見学を終えて、さて、この炎天下をこれからどうやって観光を続けようかと思案していると、目に飛び込んできたのはレンタサイクル店の看板だった。
レンタサイクルの挫折と予想外の幸運
石見銀山での観光において、自転車は非常に有効な移動手段だと聞いていた。坑道がある龍源寺間歩までは約3キロの道のりがあり、この暑さの中を歩くのはしんどい。30年ぶりに自転車に乗ってみようかと意を決してレンタサイクル店まで行ってみた。
ところが、店は休業中だった。えっ、土曜日だろ、観光地だろ、ここはと思わず心の中で叫んだが、休みなものは休みだ。せっかく遠方から来たのに、こういう不便さが一部で言われる否定的な評価につながっているのかもしれないと感じた。
しかし、そこで諦めるわけにはいかない。店の前をうろうろしていると、小さな電気自動車があり、運転手の方がいたので声をかけてみた。「今日はレンタサイクル店は休みですか?」と尋ねると、「そうなんですよ」との返答。そして続けて「これに乗っていきますか?」と提案してくれた。
目の玉が飛び出るような値段だったら困ると思い、恐る恐る料金を確認すると、なんと無料とのこと。すぐさま、乗車させていただいた。
石見銀山グリーンスローモビリティという救世主
この車両は「石見銀山グリーンスローモビリティ」といって、現在試行運転中で無料となっている。今年度中には1,000円程度の料金で有料運航する予定らしい。

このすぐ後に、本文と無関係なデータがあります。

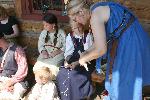 Kids Participate in Cornhusk Doll Workshop.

環境に配慮した電気自動車で、ゆっくりと走りながら石見銀山の景観を楽しむことができる優れものだ。
運転手の方は石見銀山について非常に詳しく、道中で様々な説明をしてくださった。石見銀山の歴史や見どころ、かつての鉱山町の様子など、運転手の方の解説を聞きながらの移動は実に有意義だった。これがあれば、一部で言われるような物足りなさを感じることは決してないだろう。
龍源寺間歩での感動体験
この車両で、散策路の最も奥にある石見銀山龍源寺間歩まで連れて行ってもらった。間歩とは銀を採掘するために掘られた坑道のことで、龍源寺間歩は一般公開されている坑道の中でも最大規模のものだ。
坑道の中に入ると、ひんやりとした空気が心地よく、外の暑さを忘れさせてくれた。壁面には当時のノミの跡がくっきりと残っており、手作業でこれほどの坑道を掘り進めた先人たちの労苦に思いを馳せた。石見銀山が世界遺産に登録された理由の一つは、この手掘りの坑道が良好な状態で保存されていることにある。
坑道内には当時の採掘の様子を再現した人形も展示されており、どのようにして銀が採掘されていたのかを視覚的に理解することができた。石見銀山の歴史を肌で感じられる、まさに観光のハイライトとも言える場所だった。
間歩の見学を終えて出口に出ると、再び石見銀山グリーンスローモビリティが待っていてくれた。乗車して帰路につく途中、大森の町並みで降ろしてもらうことにした。
大森の町並み散策
大森は江戸時代から続く鉱山町で、当時の面影を色濃く残す町並みが保存されている。武家屋敷や商家、寺社などが立ち並び、まるで江戸時代にタイムスリップしたかのような雰囲気だ。石見銀山での観光において、この大森の町並み散策は龍源寺間歩の見学と並ぶ重要な要素だ。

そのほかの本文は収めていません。